Feature image: William Byrd II, shown in this portrait detail, avoided going through the Great Dismal Swamp, which is now home to the Dismal Swamp Canal that runs from North Carolina into Virginia.
William Byrd II of Virginia was a surveyor, an author, a statesman, and catty as hell. He was one of the Virginians in charge of physically drawing the border between Virginia and North Carolina, and he wrote a book with the yawn-inducing title The History of the Dividing Line betwixt Virginia and North Carolina. Published in the Year of Our Lord 1728.
But crack it open for a read, and hoo-boy. Byrd calls North Carolinians lazy and says we eat too much barbecue. “The Inhabitants of N Carolina devour so much Swine’s flesh,” he writes, “that it fills them full of gross Humours.” By contrast, Byrd was an upstanding, virtuous leader, at least in his public books. In his personal diary, however, he meticulously detailed his extramarital affairs.

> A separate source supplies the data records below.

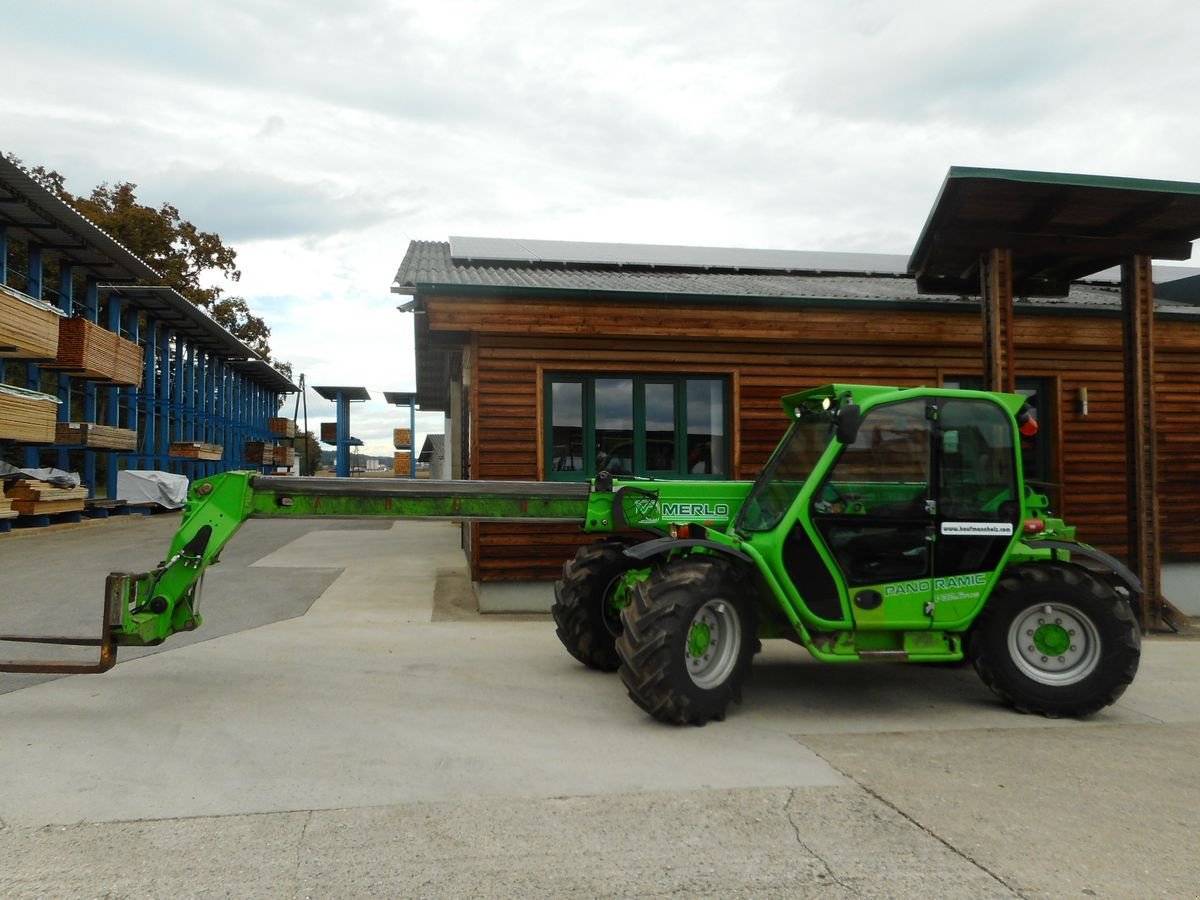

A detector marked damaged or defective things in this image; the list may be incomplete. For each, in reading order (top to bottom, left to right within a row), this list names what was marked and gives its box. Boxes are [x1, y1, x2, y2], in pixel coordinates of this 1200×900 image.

pavement crack [782, 787, 859, 897]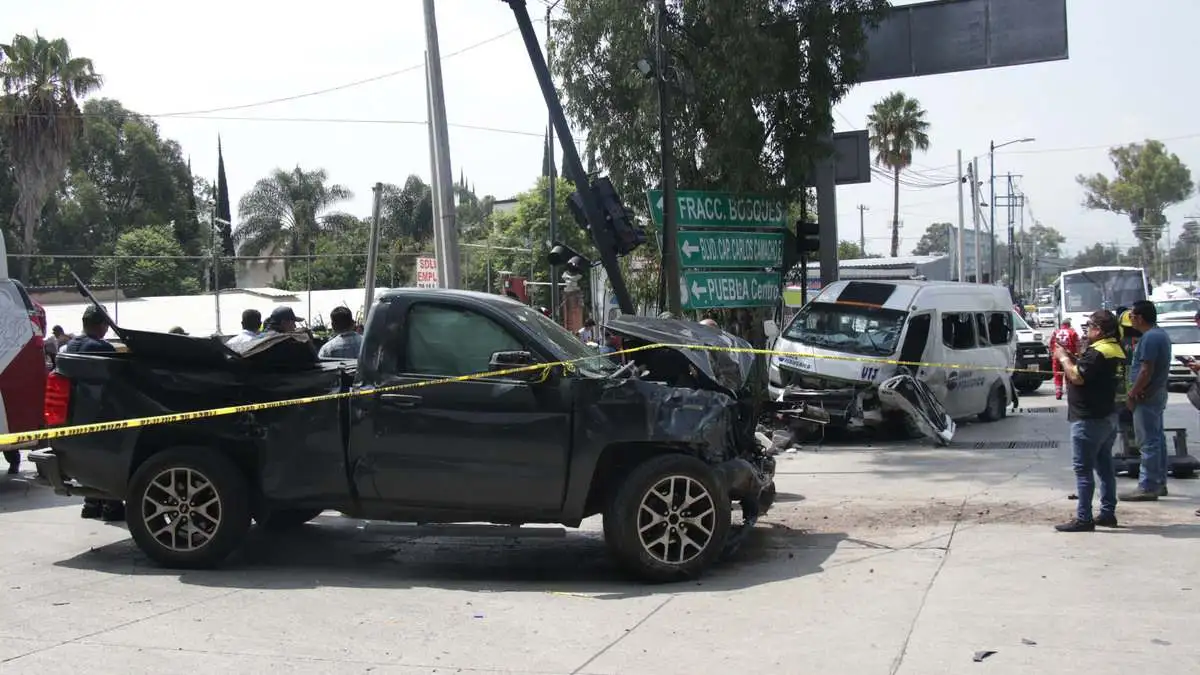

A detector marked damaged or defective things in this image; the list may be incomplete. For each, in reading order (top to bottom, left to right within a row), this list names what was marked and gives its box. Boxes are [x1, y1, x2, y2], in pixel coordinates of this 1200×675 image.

damaged front end [600, 318, 780, 540]
crumpled van [772, 278, 1016, 440]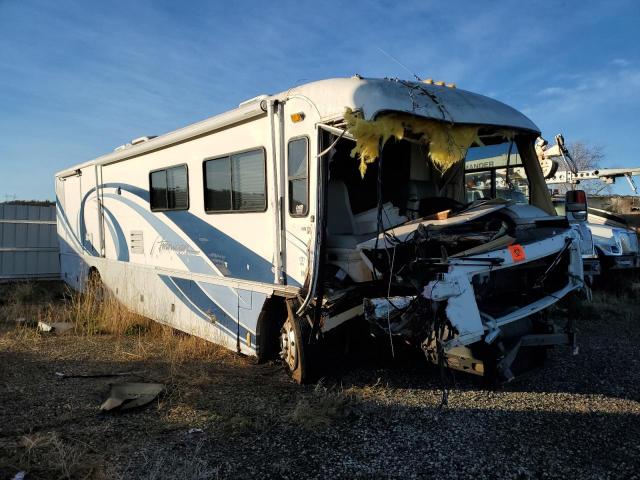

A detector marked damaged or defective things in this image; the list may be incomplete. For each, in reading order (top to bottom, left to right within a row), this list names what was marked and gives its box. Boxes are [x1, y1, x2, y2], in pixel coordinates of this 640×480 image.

crumpled sheet metal [344, 107, 480, 176]
shattered windshield [464, 141, 528, 204]
wrecked motorhome [55, 79, 584, 386]
crumpled sheet metal [100, 382, 165, 412]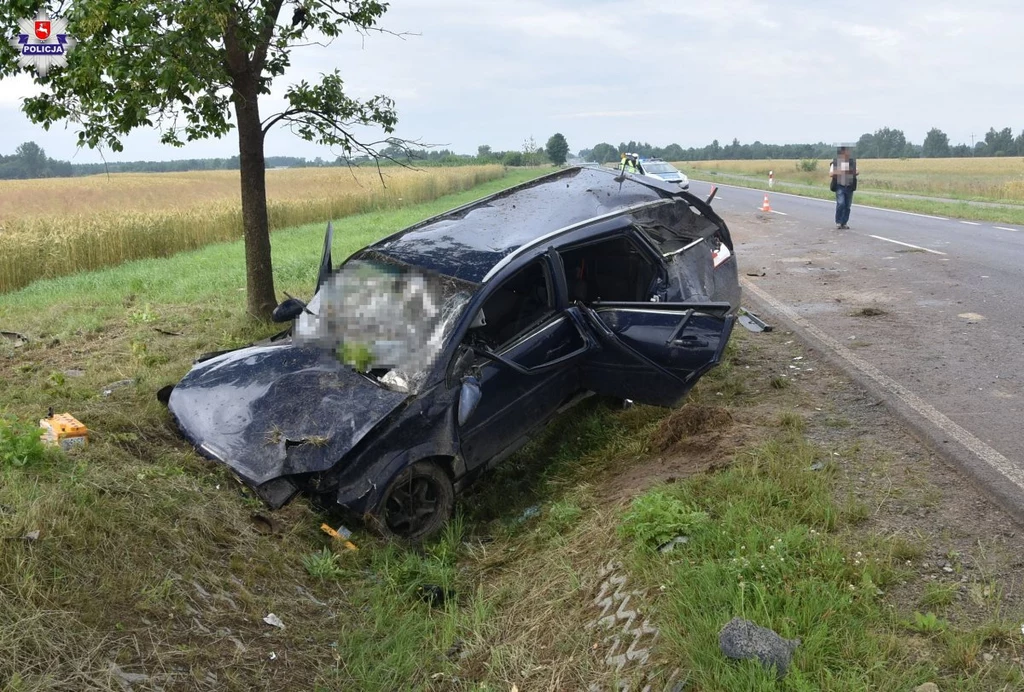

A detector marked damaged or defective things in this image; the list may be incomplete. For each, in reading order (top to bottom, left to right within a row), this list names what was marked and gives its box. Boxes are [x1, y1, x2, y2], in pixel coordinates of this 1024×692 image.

severely damaged car [164, 168, 740, 540]
broken car door [580, 302, 732, 408]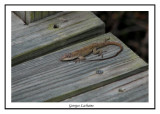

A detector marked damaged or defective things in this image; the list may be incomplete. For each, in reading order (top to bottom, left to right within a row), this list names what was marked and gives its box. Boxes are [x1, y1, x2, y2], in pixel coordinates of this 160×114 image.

splintered wood edge [44, 65, 148, 102]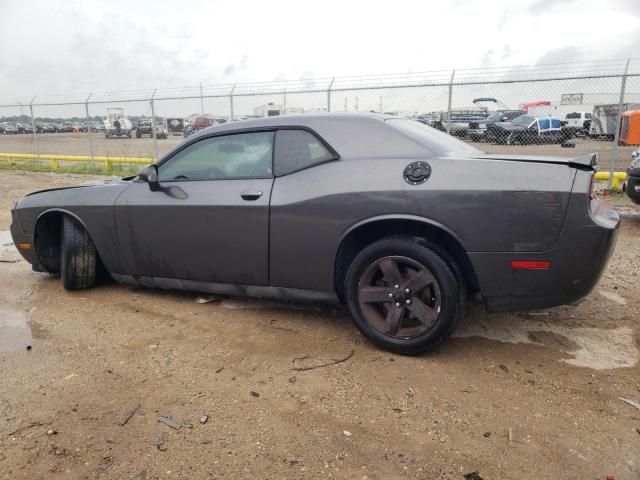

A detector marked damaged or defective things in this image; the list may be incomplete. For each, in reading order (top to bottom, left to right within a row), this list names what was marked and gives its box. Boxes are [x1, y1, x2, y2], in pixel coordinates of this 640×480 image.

He also wrote a second book, called The Secret History of the Line, intended only for his buddies. It was — spoiler alert — racier.
As for his job, Byrd and the team drew, with one tiny exception, a straight line, exactly as they were told, although he sent his underlings to do the dirtiest work. For example, while his surveyors had to draw the line directly through the Great Dismal Swamp, Byrd and the other commissioners went around it.
The rest of Byrd’s book details plants and animal life, Indians and the like, and reveals that Byrd was genuinely impressed by the beauty of the land. After he completed the survey, he bought 20,000 acres in the Dan River Valley and called them the “Land of Eden,” a name that persists in Rockingham County to this day.
Byrd died in 1744, and his works weren’t published until 1841, making him more famous in death than in life, and proving that if you don’t have something nice to say, write it down, stash it away, and, a century later, we’ll all get to read about it.